WHAT IS BEING ASKED.
Reproduce the full listing below exactly. Do not include the pictures.

DATA BLOCK.
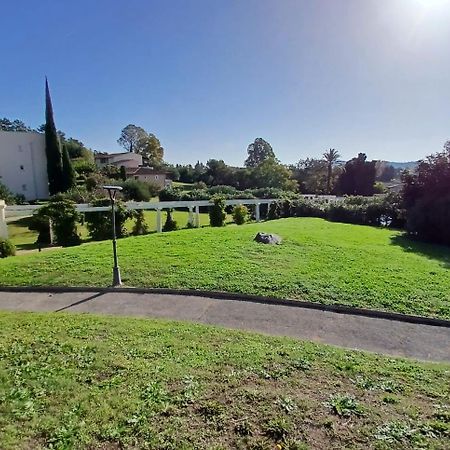 Appartement Grimaud Bord De Mer Luaran gambar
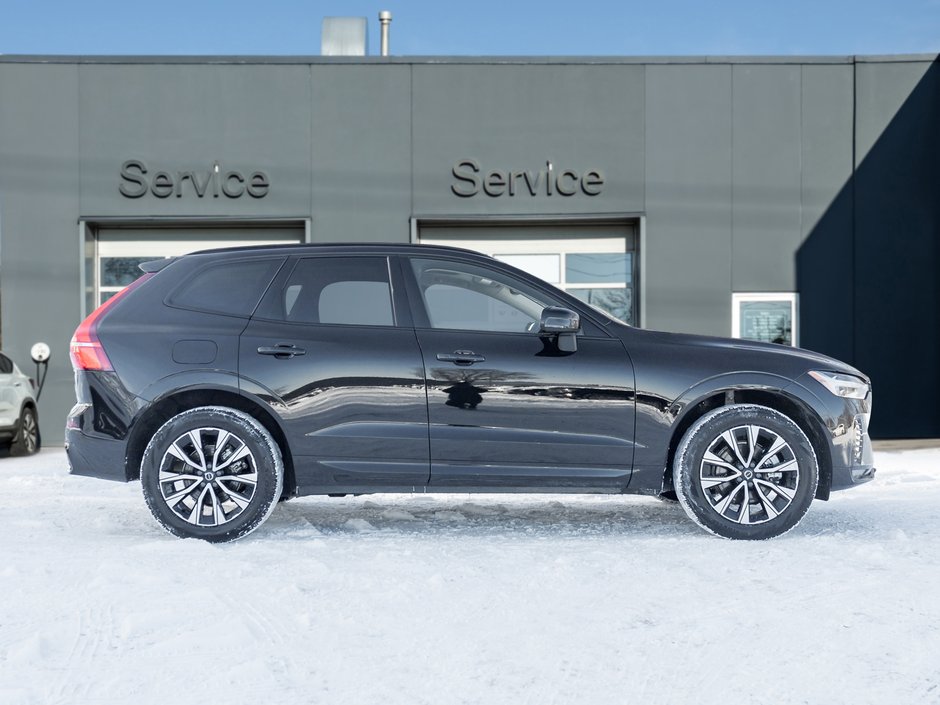 2025 Volvo XC60 B5 AWD Core Dark Theme 19 ALLOY WHEELS  VOLVO CPO-4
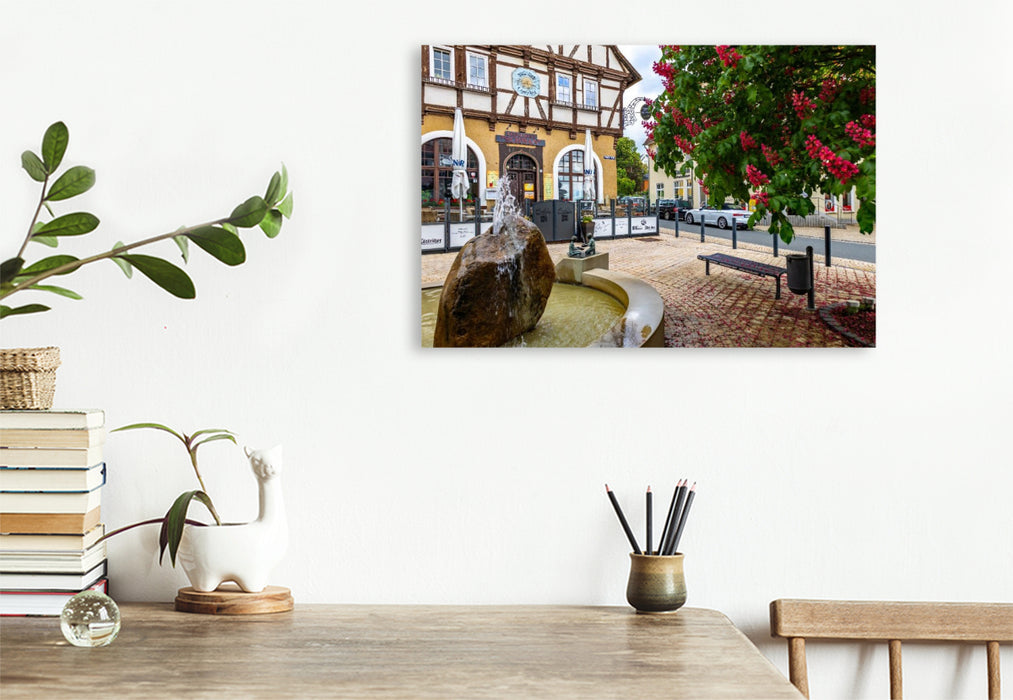 Premium Textil-Leinwand Rote Kastanien am Brunnen "Spielende Kinder"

SOLVED PROBLEM.
 Appartement Grimaud Bord De Mer Luaran gambar
 2025 Volvo XC60 B5 AWD Core Dark Theme 19 ALLOY WHEELS  VOLVO CPO-4
 Premium Textil-Leinwand Rote Kastanien am Brunnen "Spielende Kinder"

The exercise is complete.